Yeah, they don’t really let you age gracefully in the ol’ US of A. That’s the case in our world (in which the internet seems gobsmacked that Keanu Reeves would date a woman only nine years his junior) and it’s the case in this Watchmen world as well. That’s why it’s particularly fascinating that so many of the chief characters here are…well, old. Laurie Blake is a sexagenarian action hero who also expresses some shock that the prints she found at the crime scene seem to match former ‘40s New York City police officer, Will Reeves, who would now be well into his 100s. As the aging process goes on, the human being aging might more closely consider those death-defying concepts like legacy, inheritance, and family. And so in the end, “If You Don’t Like My Story, Write Your Own” swings right back to legacy once again.
Late at night, Lady Trieu’s daughter wakes up from a nightmare that seems to have details straight from some generational trauma in Vietnam. After sending her daughter back to bed, Trieu chastises Will (who’s been at the Millennium Clock this whole time it would seem) for leaving some pills in the care of Angela.
“The pills are a passive aggressive explainer,” she says.
To which Will points out that she’s using a similar strategy with her daughter.

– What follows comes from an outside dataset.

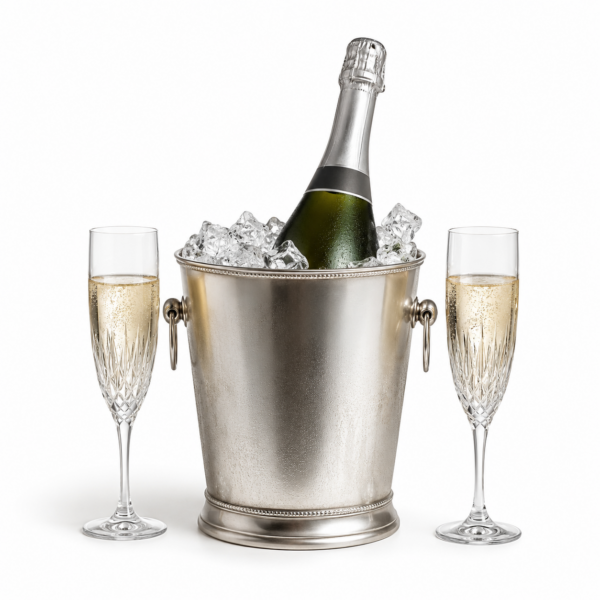 Champagne Gift Set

“When family is involved, judgment gets cloudy, feet get cold.”
“My feet are just fine,” Will says, standing up with his chair for the first time in the series.

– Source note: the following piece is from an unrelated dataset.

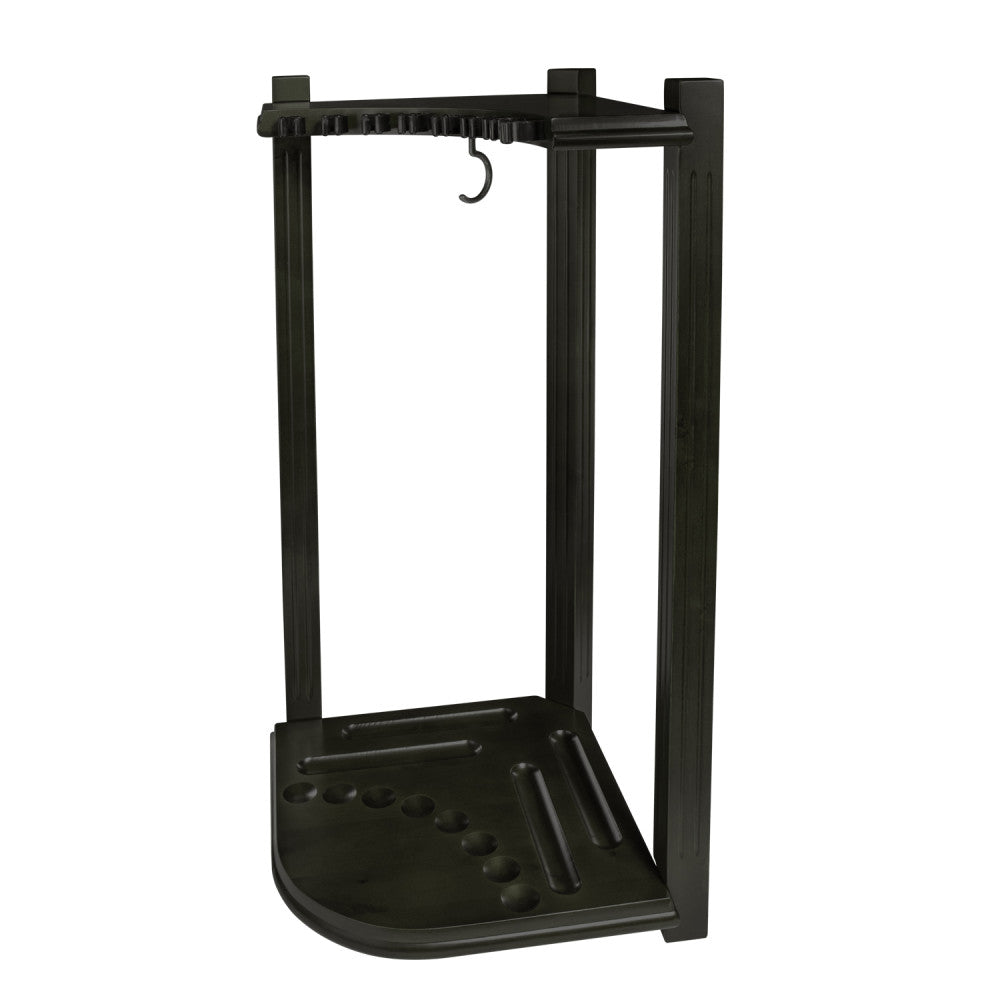 8-Cue Heavy Duty Corner Rack - photo 1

Watchmen is still holding things close to chest four episodes in. It’s clear that Trieu and Will are planning something…something big that will happen within the next three days. We don’t know the details of their plot just yet and ultimately that’s not important.
Because what we do understand is their motivation, or at least part of it. Legacy. Something must carry on after they’re gone. As Trieu says, legacy isn’t in land but in blood. The end of episode 4 brings up a disquieting notion as well: what if legacy is not the blood you pass on but rather the blood you spill?